··· Records for this task ···
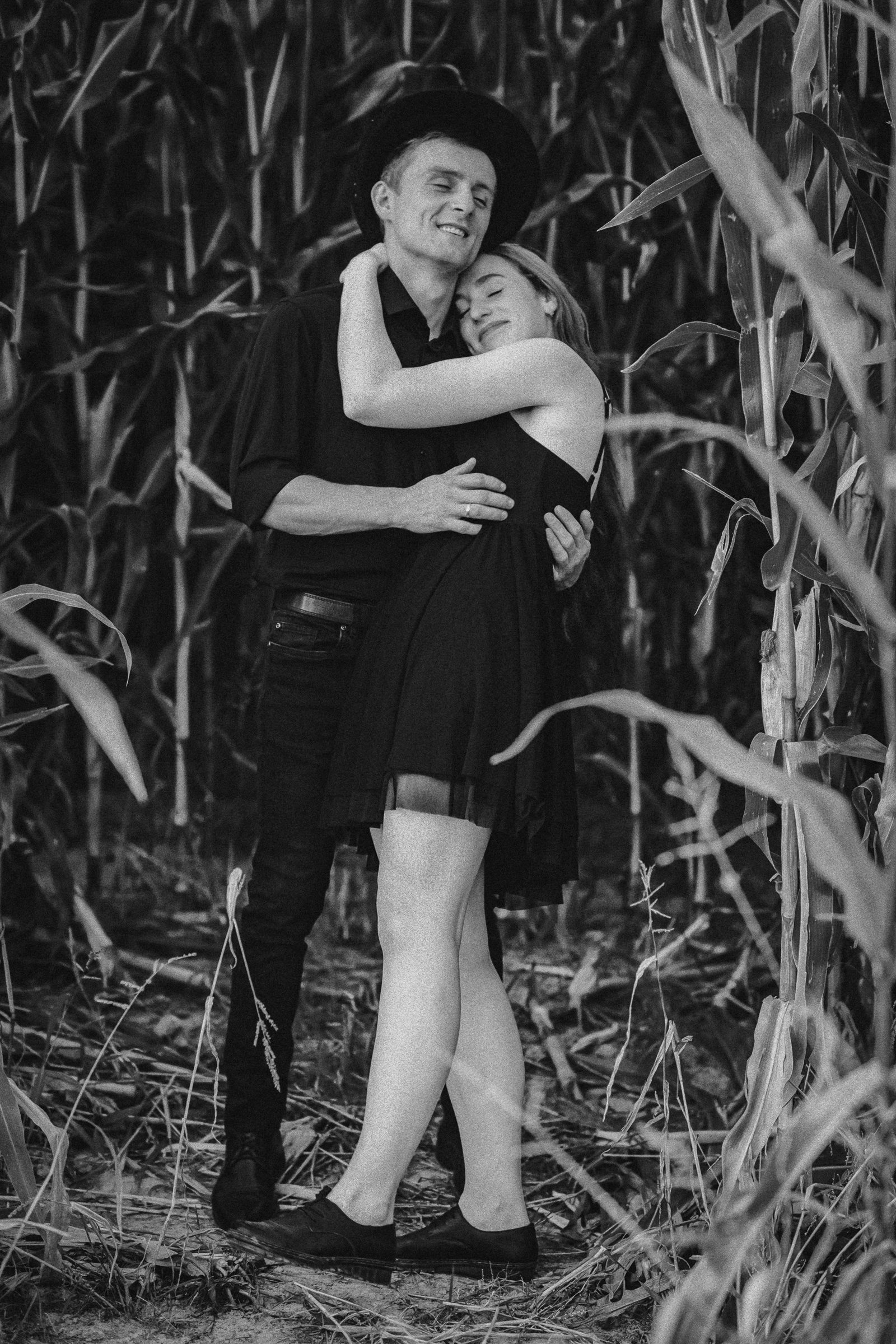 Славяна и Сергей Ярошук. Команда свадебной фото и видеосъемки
···
··· Records for this task ···
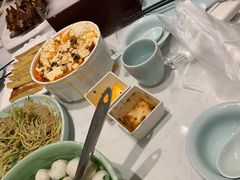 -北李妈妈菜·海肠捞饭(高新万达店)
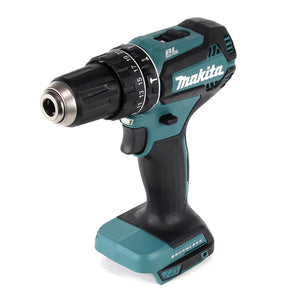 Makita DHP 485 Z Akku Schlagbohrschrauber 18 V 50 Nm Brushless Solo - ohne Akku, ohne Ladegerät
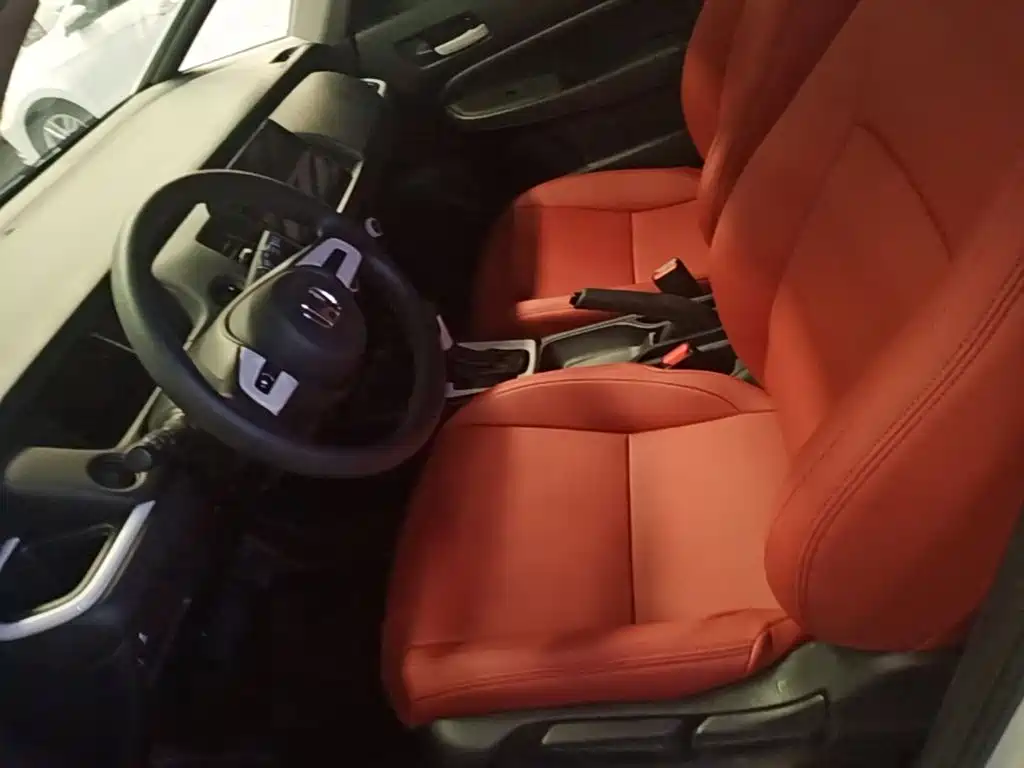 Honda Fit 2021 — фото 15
···
··· Records for this task ···
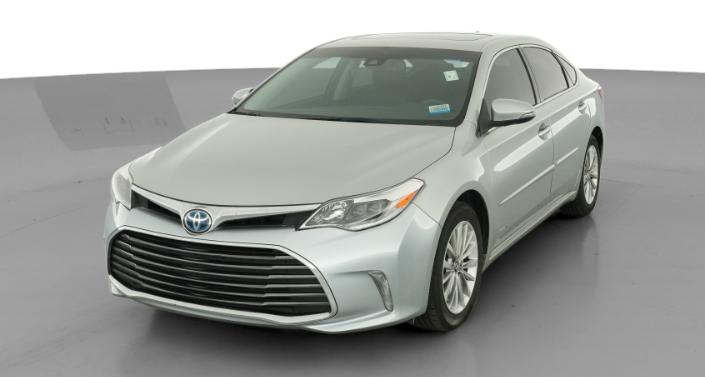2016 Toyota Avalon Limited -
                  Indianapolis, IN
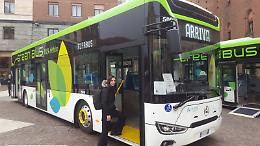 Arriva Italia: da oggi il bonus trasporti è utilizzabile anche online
···
Exercise details: Look above for the line with "Makita DHP 485" and the line with "Honda Fit 2021 — фото 15", then copy exactly the lines from the first through the second, both kept, with no pictures.

Response:
 Makita DHP 485 Z Akku Schlagbohrschrauber 18 V 50 Nm Brushless Solo - ohne Akku, ohne Ladegerät
 Honda Fit 2021 — фото 15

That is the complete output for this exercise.